Campaign officials attended a random drawing, held at NBC’s 30 Rock offices in New York, for the debate slots. The drawing was implemented in an attempt to spread out the front-runners and divide each night’s lineup between the candidates polling above and below 2%. The drawing was closed to the press.
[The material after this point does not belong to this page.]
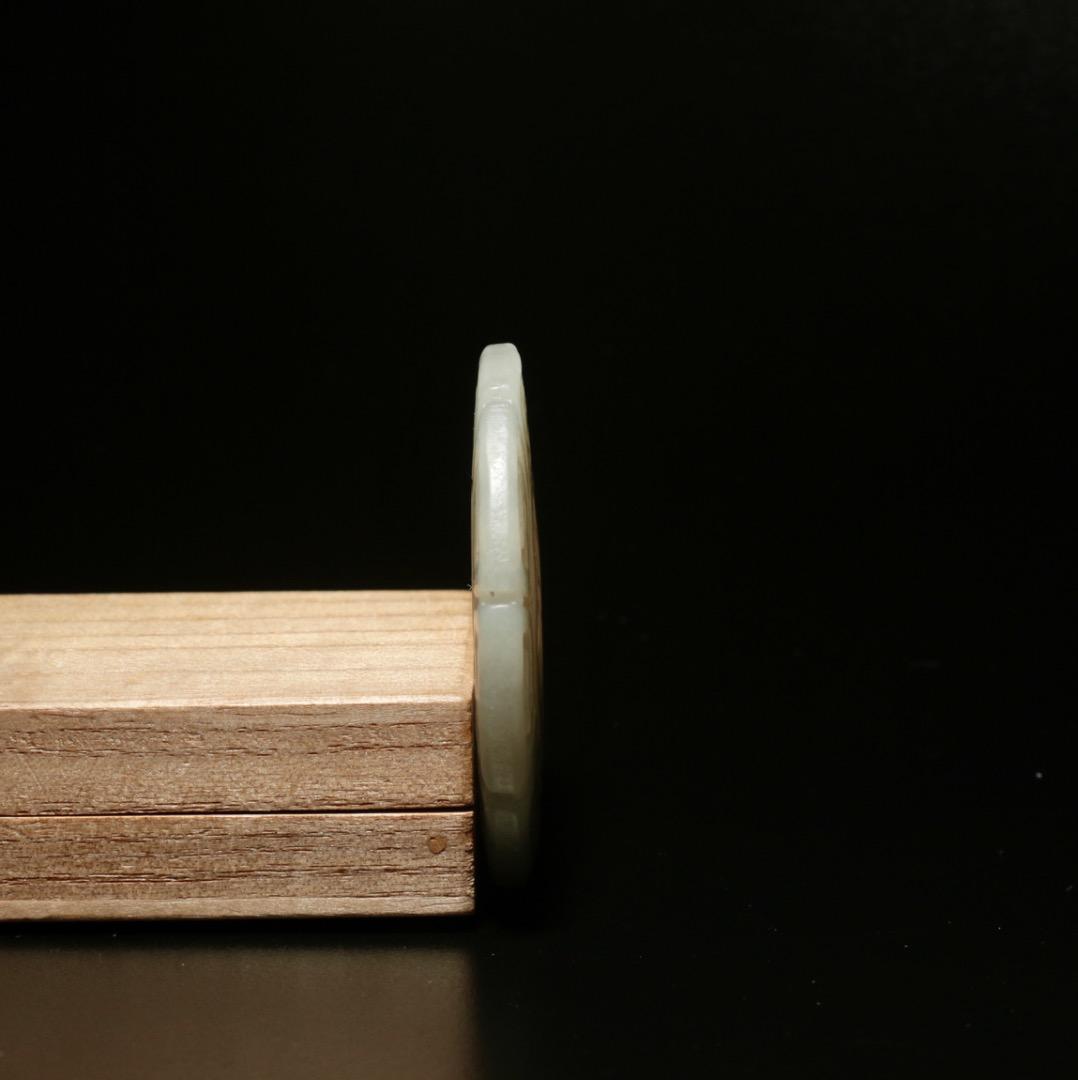 中古 和田白玉 回紋透彫 時来運転佩 中国玉器 装身具 YS0028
Here are the line-ups as decided by the random drawing:

June 26: Cory Booker, Julián Castro, Bill de Blasio, John Delaney, Tulsi Gabbard, Jay Inslee, Amy Klobuchar, Beto O’Rourke, Tim Ryan, and Elizabeth Warren

June 27: Michael Bennet, Joe Biden, Pete Buttigieg, Kirsten Gillibrand, Kamala Harris, John Hickenlooper, Bernie Sanders, Eric Swalwell, Marianne Williamson, and Andrew Yang

The DNC is still crying foul, believing the drawing was stacked despite NBC claiming it was random. They’re also being accused of creating a tiered debate structure by holding the Biden-Sanders-Harris-Buttigieg debate on Thursday night, which will likely maximize viewership over Wednesday night’s debate.

Lesser known candidates stand to gain the most from qualifying for the debate stage, irrespective of which event in which they appear. Gillibrand, Hickenlooper, Gabbard, Delaney, Inslee, Bennet, de Blasio, Williamson, and Swalwell are all polling at 0% in the most recent Qunnipiac poll, so have nothing to lose and everything to gain. Each debate is set to run for two hours, giving each participant very little time to get their point across. However, if viewership comes close to the 24 million viewers who watched the Republican debates in 2015, it may be an excellent opportunity for these candidates to gain some traction with potential voters.

Five news personalities from NBC, MSNBC and Telemundo, will ask questions of the 20 presidential hopefuls. They include:

  • “NBC Nightly News” anchor Lester Holt,
  • “Today” co-anchor Savannah Guthrie,
  • “Meet the Press” moderator Chuck Todd,
  • MSNBC prime-time host Rachel Maddow, and
  • “Noticias Telemundo” and “NBC Nightly News Saturday” anchor José Díaz-Balart

Diaz-Balart will moderate both nights of the debate.